[Items listed in a dataset]
□ □ □

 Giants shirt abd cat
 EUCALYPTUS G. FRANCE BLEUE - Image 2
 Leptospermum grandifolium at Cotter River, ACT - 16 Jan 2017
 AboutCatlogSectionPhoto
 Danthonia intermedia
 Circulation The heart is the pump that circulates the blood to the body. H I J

□ □ □

Task goal:
An exact copy of the data, with every line intact, is the required answer.

Task output:
 Giants shirt abd cat
 EUCALYPTUS G. FRANCE BLEUE - Image 2
 Leptospermum grandifolium at Cotter River, ACT - 16 Jan 2017
 AboutCatlogSectionPhoto
 Danthonia intermedia
 Circulation The heart is the pump that circulates the blood to the body. H I J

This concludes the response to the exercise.